Speaker: Brian Nord (Fermilab)
Abstract: Artificial Intelligence (AI) --- including machine learning and deep learning --- refers to a set of techniques that rely primarily on the data itself for the construction of a quantitative model. AI has been in development for about three quarters of a century, but there has been a recent resurgence in research and applications. This current (third) wave of AI progress is marked by extraordinary results --- for example, in image analysis, language translation, and machine automation. Despite the modest definition of AI, its potential to disrupt technologies, economies, society, and even science is often presented as unmatched in modern times. However, along with the promise of AI, there are significant challenges to overcome to reach a degree of reliability that is on par with more traditional modeling methods.

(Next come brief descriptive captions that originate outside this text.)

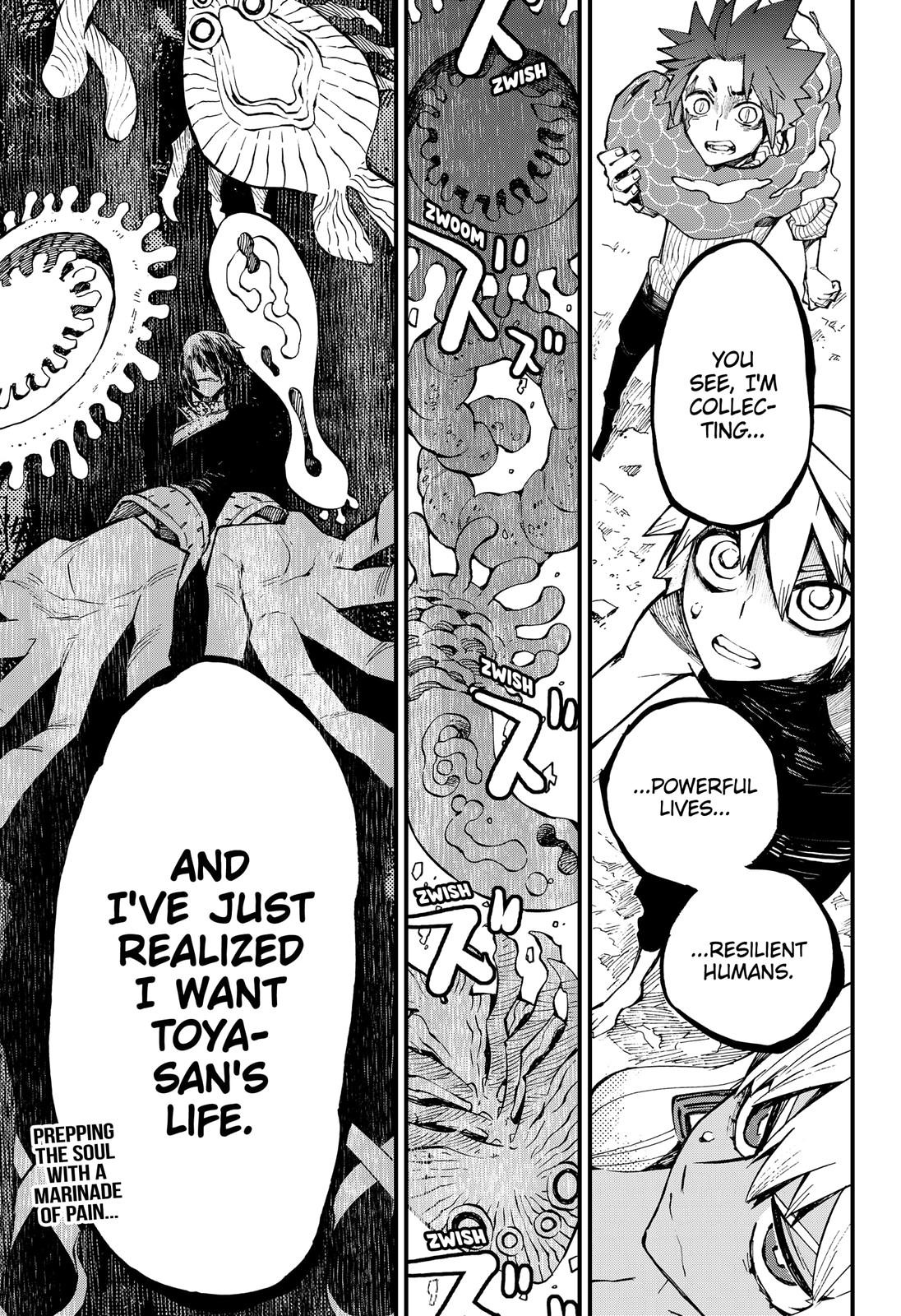 The Kajiki Chef: Divine Cuisine Chapter 28 page 21 - Chapter 28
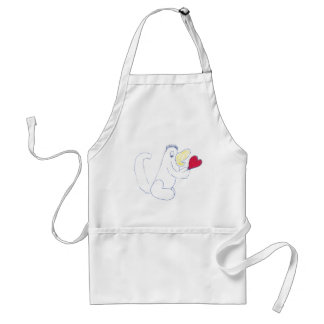 Tablier Amour Bug Apron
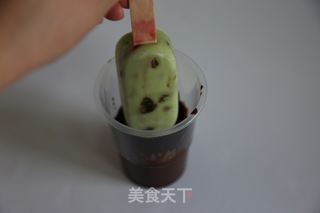 牛油果脆皮雪糕的做法步骤：14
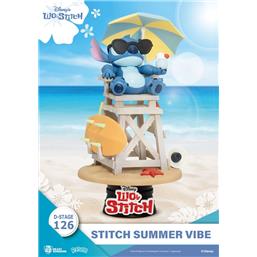 Lilo & StitchStitch Summer Vibe D-Stage Diorama 16 cm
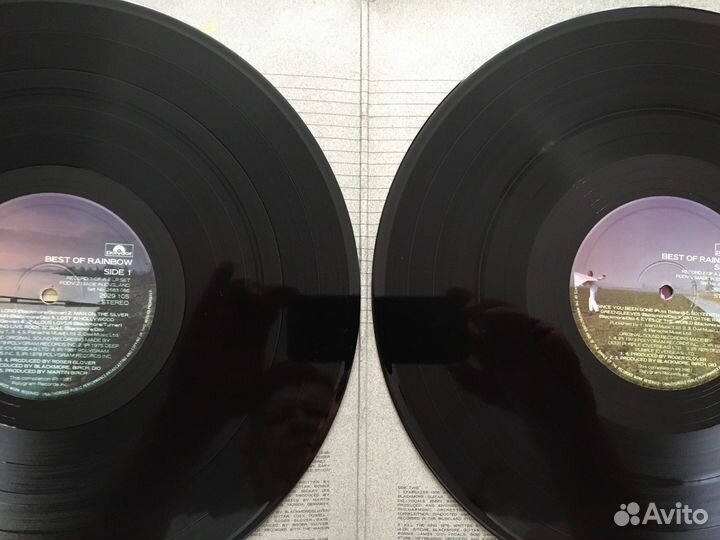 Винил The Best Of Rainbow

In particular, uncertainty quantification metrics derived from deep neural networks are yet to be made physically interpretable. For example, when one uses a convolutional neural network to measure values from an image (e.g., regression for galaxy properties), the error estimates do not necessarily match those from an MCMC likelihood fit. In this presentation, I will discuss the landscape of uncertainty quantification in deep learning, as well as some computational experiments in a physical context that demonstrate a mismatch between errors derived directly from deep learning methods and those derived through traditional error propagation. Before we can apply deep learning tools confidently for the direct measurement of physical properties, we’ll need statistically robust error estimation methods.